▶ Exercise details:
Print each line once more, unchanged, from the line holding "2018年1課3練單元達(d" to the end of the listing below.

▶ Provided information:
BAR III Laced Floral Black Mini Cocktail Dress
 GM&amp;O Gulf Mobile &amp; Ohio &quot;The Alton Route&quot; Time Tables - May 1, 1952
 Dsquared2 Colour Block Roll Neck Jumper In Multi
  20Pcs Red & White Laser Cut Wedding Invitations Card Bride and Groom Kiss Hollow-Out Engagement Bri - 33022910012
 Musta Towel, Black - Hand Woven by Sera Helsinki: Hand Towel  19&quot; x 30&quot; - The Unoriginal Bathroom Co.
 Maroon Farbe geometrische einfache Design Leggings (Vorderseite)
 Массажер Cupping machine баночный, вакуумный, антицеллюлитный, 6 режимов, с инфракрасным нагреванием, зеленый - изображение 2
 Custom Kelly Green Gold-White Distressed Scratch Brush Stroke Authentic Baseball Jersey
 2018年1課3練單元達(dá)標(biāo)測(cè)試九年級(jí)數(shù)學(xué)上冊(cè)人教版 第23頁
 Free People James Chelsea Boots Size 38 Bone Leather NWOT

▶ Output of the task:
 2018年1課3練單元達(dá)標(biāo)測(cè)試九年級(jí)數(shù)學(xué)上冊(cè)人教版 第23頁
 Free People James Chelsea Boots Size 38 Bone Leather NWOT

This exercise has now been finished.